Now $$(2)-(3)$$ gives you $$\mathrm{Tr}(A)BA=0$$

If $$\mathrm{Tr}(A)=0$$, you are done. Otherwise, $$BA=0$$, so the equation $$(3)$$ gives you $$\mathrm{det}(A)B=0$$, and because $$B \neq 0$$, you deduce $$\mathrm{det}(A)=0$$. 

SECOND PROOF : Here is another way to solve the question. We suppose that $$\mathrm{det}(A) \neq 0$$, and we will prove that $$\mathrm{Tr}(A)=0$$.

Let's trigonalize $$A$$ in $$\mathbb{C}$$. There exists a basis $$\lbrace x,y \rbrace$$, and three complex numbers $$\lambda, \mu, \nu$$ such that $$Ax= \lambda x \quad \quad \text{ and } \quad Ay=\mu y + \nu x$$ (note that $$\lambda$$ and $$\mu$$ are the eigenvalues of $$A$$, and they are non-zero because $$\mathrm{det}(A) \neq 0$$).

Now apply $$B$$ to the first equation : you get $$BAx=\lambda Bx\quad \quad \text{ so} \quad A(Bx)=-\lambda(Bx)$$ If $$Bx \neq 0$$, then $$-\lambda$$ has to be an eigenvalue of $$A$$, and because $$\lambda \neq 0$$, that means that $$\lambda$$ and $$-\lambda$$ are the two disctincts eigenvalues of $$A$$. So $$\mathrm{Tr}(A)=0$$.

If on the contrary, $$Bx=0$$, then you must have $$By \neq 0$$ because $$B \neq 0$$. Applying $$B$$ to the second equation gives $$BAy=\mu By + 0\quad \quad \text{ so} \quad A(By)=-\mu(By)$$ so again, $$\mu$$ and $$-\mu$$ are the two only eigenvalues of $$A$$ and $$\mathrm{Tr}(A)=0$$.

• Thanks.

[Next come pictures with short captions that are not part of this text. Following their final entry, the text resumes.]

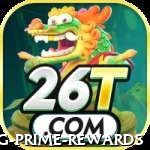 brandypg Prime Rewards - 8787bet 💳🛡️ Bankroll management 1-2-5%: nunca arrisque mais que isso por aposta — garante sobreviver a downswings e lucrar no longo prazo! 💰📉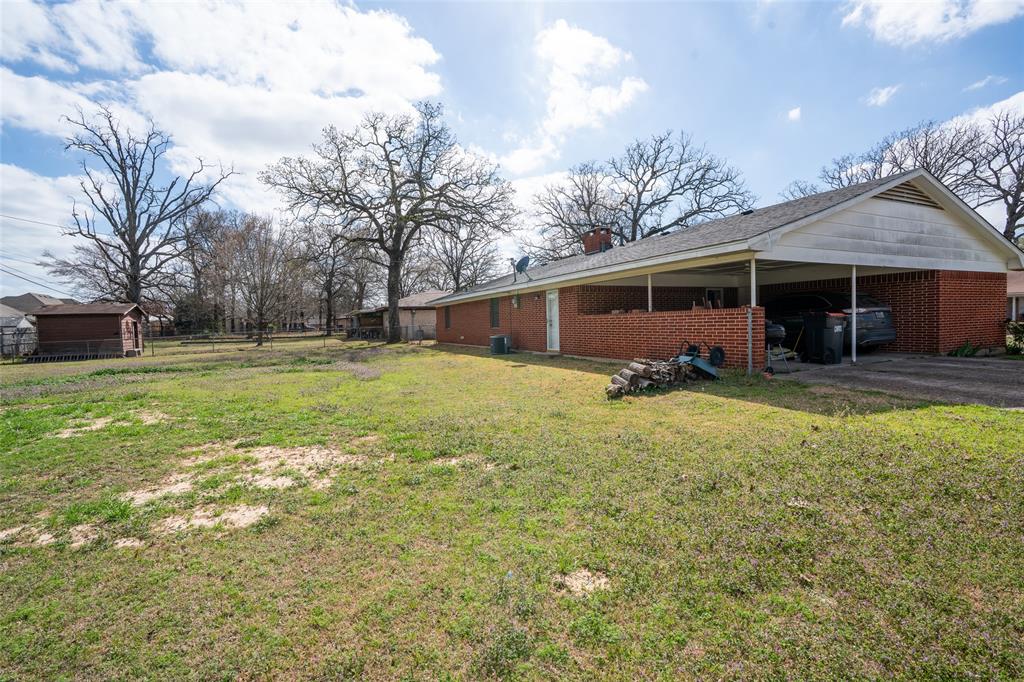 15 SW 45th - Photo 14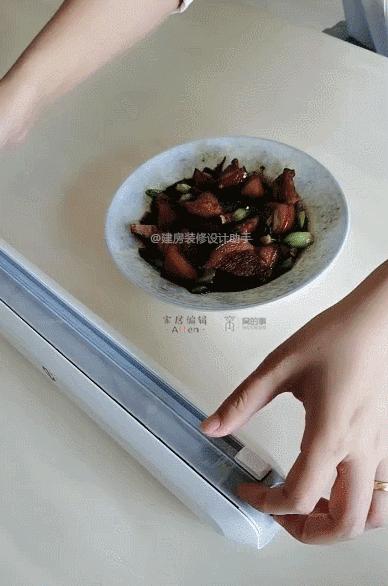 最近三年家中建议必备的八件物品,近三年家里常备的12样东西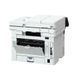 MFD Canon MFD i-Sensys MF463dw 5951C008 foto 3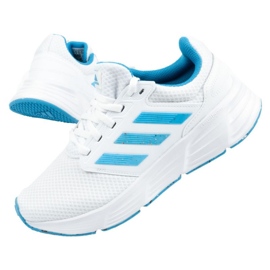 Adidas Galaxy 6 W GX7256 skor vit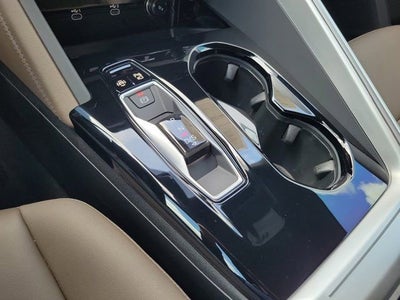2025 Audi Q5 2.0T Premium Plus
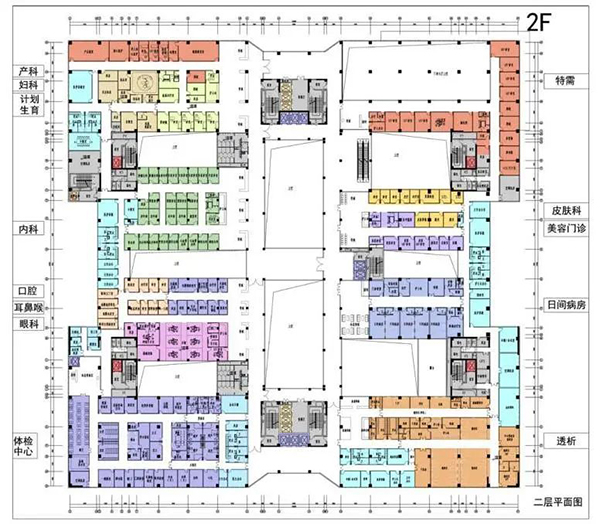 k8凯发登录 --天生赢家·一触即发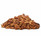 Baker s Select Pecan Special Medium Pieces, 5 Pound Baker s Select Pecan Special Medium Pieces, 5 Pound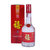 洋河禧酒（喜气盈门）99-2000年出厂 38度 500ml/瓶(500ml单瓶装)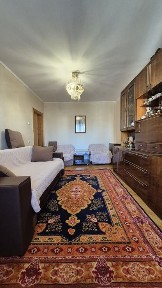 Івано-Франківська область, Івано-Франківськ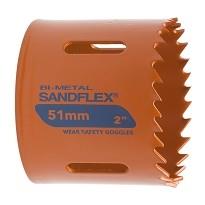Hulsav 105Mm Bi-Metal ⎮ 1297107786 ⎮ 900010251 ⎮ 1297107786 ⎮ 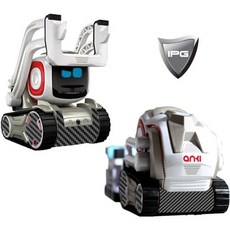 트랜스포머 자동차 키덜트 리더 코즈모 로봇 얼굴 화면 보호장치 장식 키트 휠 및 본체 세트 7개 데칼 2개 보호기 이것은 로봇이 아닙니다 블랙 카본 파이버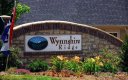 832 Wynnshire Drive 20 sold home in Hickory, SC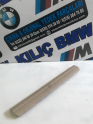BMW F10 5SERİSİ ÇIKMA ORJİNAL KAPI EŞİK BAKALİTİ 9196817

I should start from the characteristics polynomial of A next times. But I still wonder that are there any other ways? Like use the properties of similar matrices? – aDmaL Aug 27 '20 at 12:54
• @aDmaL I edited my answer, to provide another way to think. There are probably many many ways to solve this kind of questions. – TheSilverDoe Aug 27 '20 at 13:41
• Really appreciate your effort to bring me another way to prove! – aDmaL Aug 27 '20 at 13:47
• It looks like a very simple problem. But it is tricky. Very ingenious way of solving the problem. Thank you for the nice method. – Lawrence Mano Aug 28 '20 at 7:37

Well, I manage to find out another answer for this question, it maybe helpful for future readers.

If we define $$A=\begin{pmatrix} a&b\\c&d \end{pmatrix}$$ and let $$M$$ be the matrix of $$T$$, where $$T$$ is a linear transformation defined by $$T:\mathcal{M}_{2,2}(\mathbb{R})\to\mathcal{M}_{2,2}(\mathbb{R}), T(X)=AX+XA.$$ Then, , we can find out that $$M= \begin{pmatrix} 2a&c&b&0\\b&a+d&0&b\\c&0&a+d&c\\0&c&b&2d \end{pmatrix}.$$ Moreover, the hypothesis is now equivalent to $$T(B)=0$$ , where $$B\neq0$$, which happens if and only if $$\det M = 0$$.

In the other hand we have $$\det M =4(a+d)^2(ad-bc)$$, thus, $$\det M = 0$$ iff either $$\mathrm{tr}(A)=a+d=0$$ or $$\det A = ad-bc=0$$.